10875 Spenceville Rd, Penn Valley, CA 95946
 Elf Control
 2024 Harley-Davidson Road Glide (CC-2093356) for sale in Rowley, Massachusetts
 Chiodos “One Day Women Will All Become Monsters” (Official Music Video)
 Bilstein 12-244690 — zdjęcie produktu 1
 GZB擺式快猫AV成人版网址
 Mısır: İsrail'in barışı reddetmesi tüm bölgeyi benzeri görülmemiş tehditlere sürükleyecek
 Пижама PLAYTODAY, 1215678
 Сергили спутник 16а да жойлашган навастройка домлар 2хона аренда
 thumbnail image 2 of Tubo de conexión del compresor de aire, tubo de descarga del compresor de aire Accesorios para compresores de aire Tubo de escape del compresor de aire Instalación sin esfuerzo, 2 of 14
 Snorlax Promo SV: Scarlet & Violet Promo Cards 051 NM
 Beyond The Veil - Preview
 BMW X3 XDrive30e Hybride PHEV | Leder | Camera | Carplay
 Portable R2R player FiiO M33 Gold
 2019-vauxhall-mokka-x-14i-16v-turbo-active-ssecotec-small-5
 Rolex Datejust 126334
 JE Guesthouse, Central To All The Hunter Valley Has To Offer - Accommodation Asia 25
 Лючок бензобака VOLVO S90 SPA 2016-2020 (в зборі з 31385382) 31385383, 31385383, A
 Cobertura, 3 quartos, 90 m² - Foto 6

::::::::::

Assigned task: Which lines of the material above hold the string "Valley"? Pull them out.

Task solution:
10875 Spenceville Rd, Penn Valley, CA 95946
 JE Guesthouse, Central To All The Hunter Valley Has To Offer - Accommodation Asia 25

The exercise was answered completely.